Nous avons affaire à un pur film noir, en quasi huis-clos : une femme fatale et deux hommes dans un certain brouillard moral. La tension fonctionne bien, avec un suspense sur le dénouement que j'ai trouvé particulièrement efficace. Le film repose sur des dialogues tout à fait remarquables - on n'en attendait pas moins de Dard - qui n'écrasent pas le récit dans une succession de bons mots mais qui le servent par leur finesse et leur double sens quasi constant. L'écriture des personnages est également une vraie qualité, les deux personnages masculins portant une ambigüité morale très crédible, avec des interprétations subtiles de Paul Guers et Jacques Duby. Et surtout Dard nous offre une très belle femme fatale, loin d'être réduite au rôle de potiche. Le personnage se développe brillamment durant tout le film, s'imposant comme le moteur réel du récit. Claire Maurier est admirable dans le rôle, belle, à la fois touchante et retorse, elle offre une performance à la hauteur des grandes figures du genre.

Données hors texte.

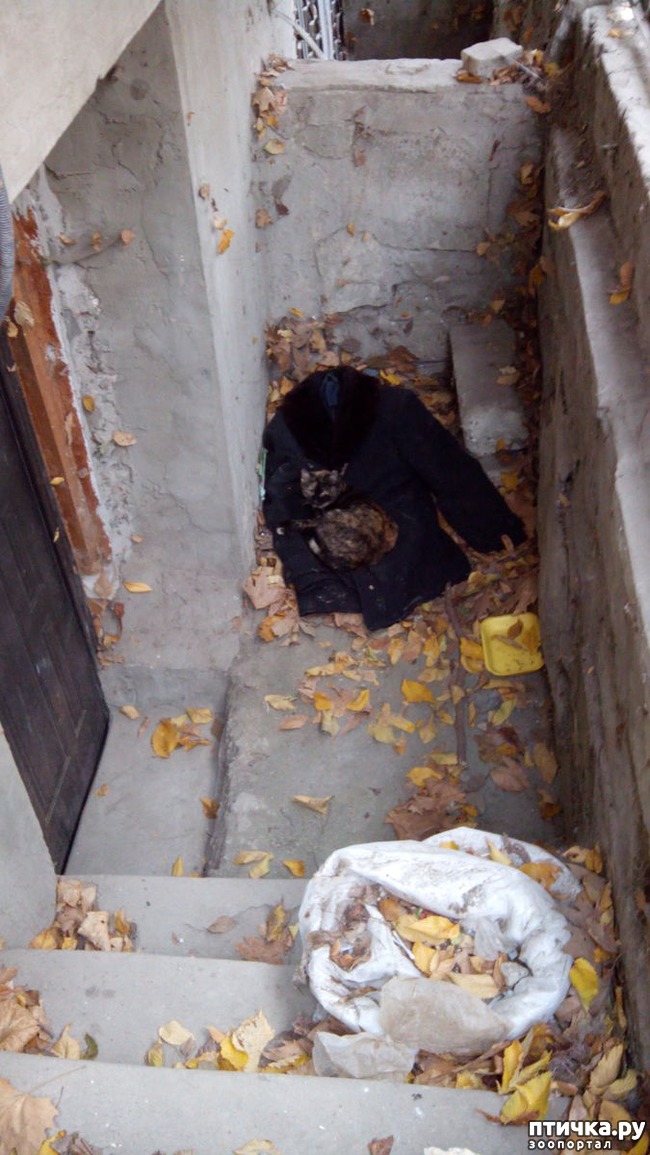 ���� 4: ����� ��� �����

On pourrait reprocher au film son côté un peu verbeux, induit par le huis-clos, sans réelle action. Cela aurait pu être un défaut mais la qualité des dialogues annule cet aspect, et le film fonctionne bien du côté du rythme. La mise en scène est classique mais efficace, avec quelques belles réussites notamment dans la première séquence de rafle. Associé à un montage efficace, cela donne un film particulièrement plaisant à suivre, qui devrait ravir les amateurs du genre.